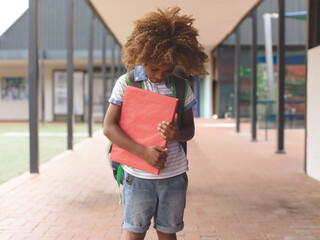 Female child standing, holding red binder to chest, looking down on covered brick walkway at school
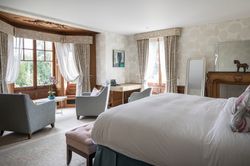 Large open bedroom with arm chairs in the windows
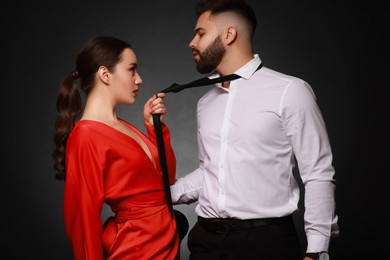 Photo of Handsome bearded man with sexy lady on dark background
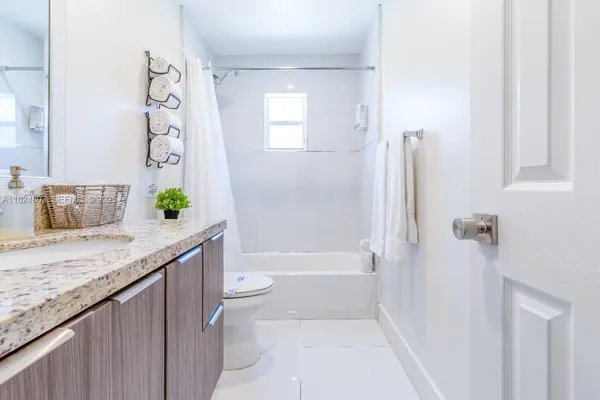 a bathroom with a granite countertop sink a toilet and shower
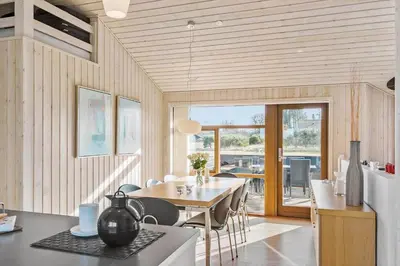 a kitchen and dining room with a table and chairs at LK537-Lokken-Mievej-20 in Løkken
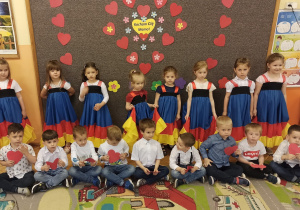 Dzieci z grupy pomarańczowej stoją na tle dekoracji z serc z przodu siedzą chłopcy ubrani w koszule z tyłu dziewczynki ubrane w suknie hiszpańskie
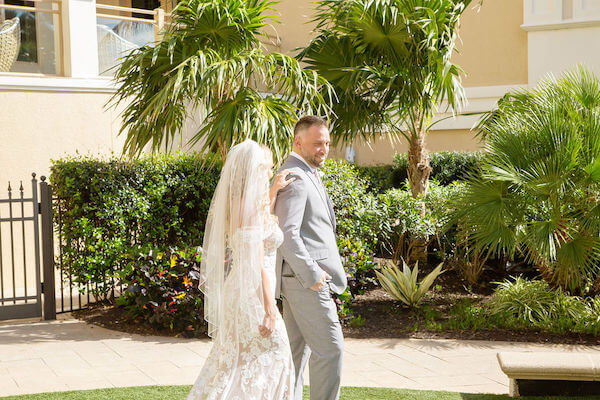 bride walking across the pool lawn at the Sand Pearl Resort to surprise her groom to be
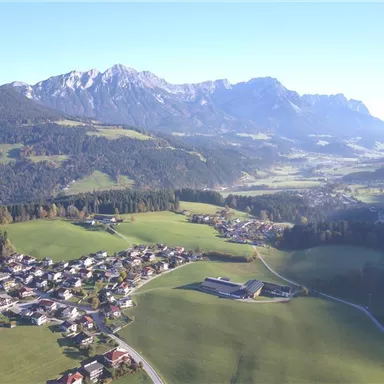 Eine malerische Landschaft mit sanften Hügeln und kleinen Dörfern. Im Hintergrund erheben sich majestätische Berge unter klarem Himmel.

* * *

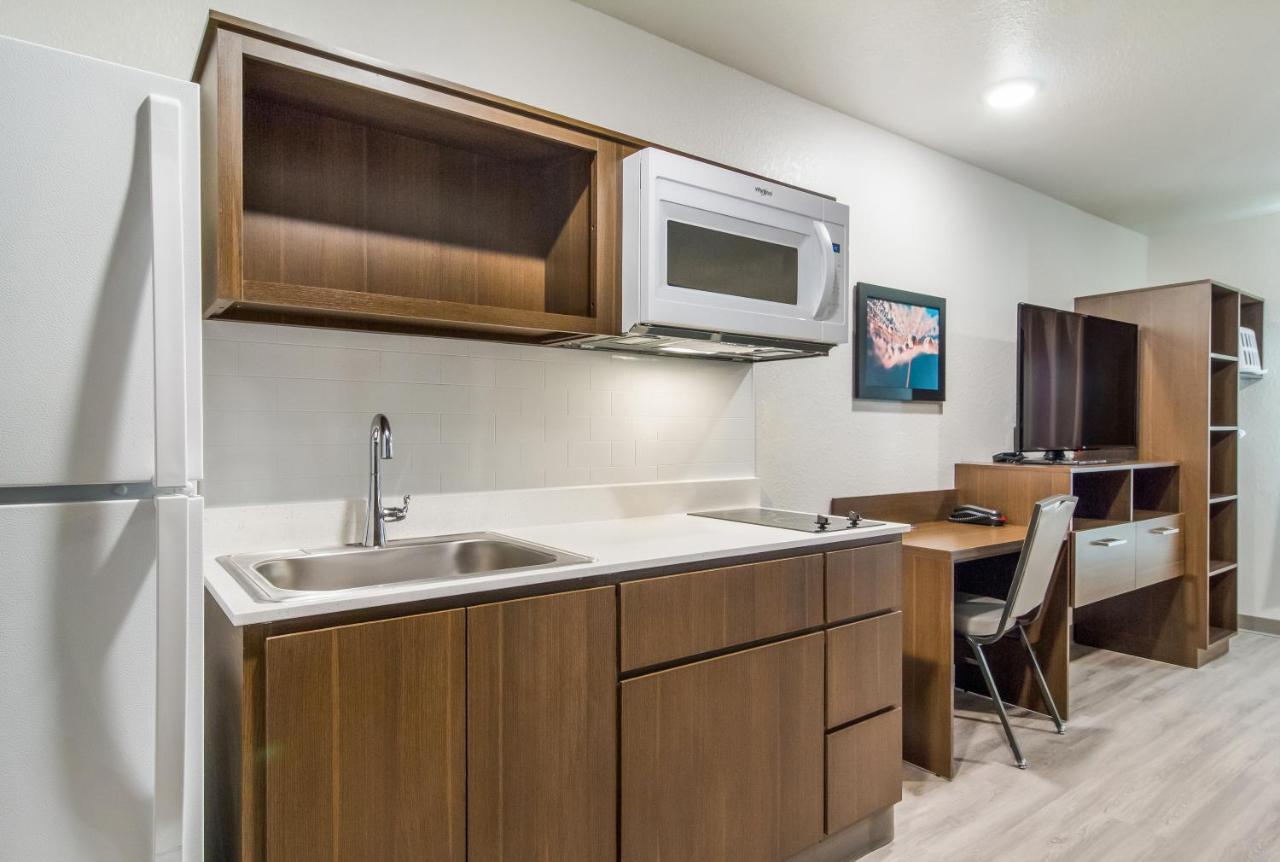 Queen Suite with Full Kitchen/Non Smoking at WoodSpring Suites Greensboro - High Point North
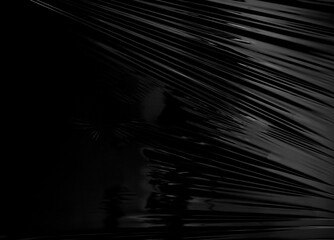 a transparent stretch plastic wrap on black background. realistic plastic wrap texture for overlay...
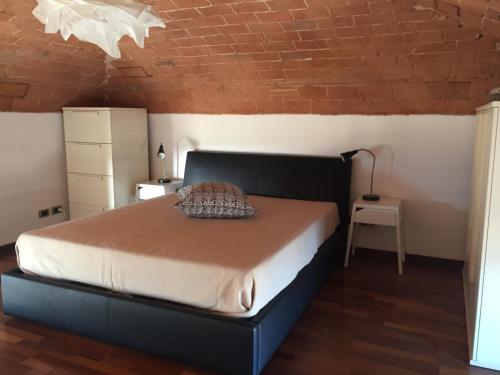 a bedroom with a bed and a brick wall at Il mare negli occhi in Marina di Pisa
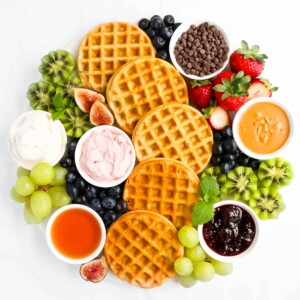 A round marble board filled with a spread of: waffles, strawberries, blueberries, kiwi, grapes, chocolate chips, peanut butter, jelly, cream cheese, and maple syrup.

> [WORK TASK]: Between and including the line above that contains "Female child standing, holding" and the line that contains "Eine malerische Landschaft", restate every line word for word. Pictures stay out.

> [RESPONSE TO THIS EXERCISE]:
 Female child standing, holding red binder to chest, looking down on covered brick walkway at school
 Large open bedroom with arm chairs in the windows
 Photo of Handsome bearded man with sexy lady on dark background
 a bathroom with a granite countertop sink a toilet and shower
 a kitchen and dining room with a table and chairs at LK537-Lokken-Mievej-20 in Løkken
 Dzieci z grupy pomarańczowej stoją na tle dekoracji z serc z przodu siedzą chłopcy ubrani w koszule z tyłu dziewczynki ubrane w suknie hiszpańskie
 bride walking across the pool lawn at the Sand Pearl Resort to surprise her groom to be
 Eine malerische Landschaft mit sanften Hügeln und kleinen Dörfern. Im Hintergrund erheben sich majestätische Berge unter klarem Himmel.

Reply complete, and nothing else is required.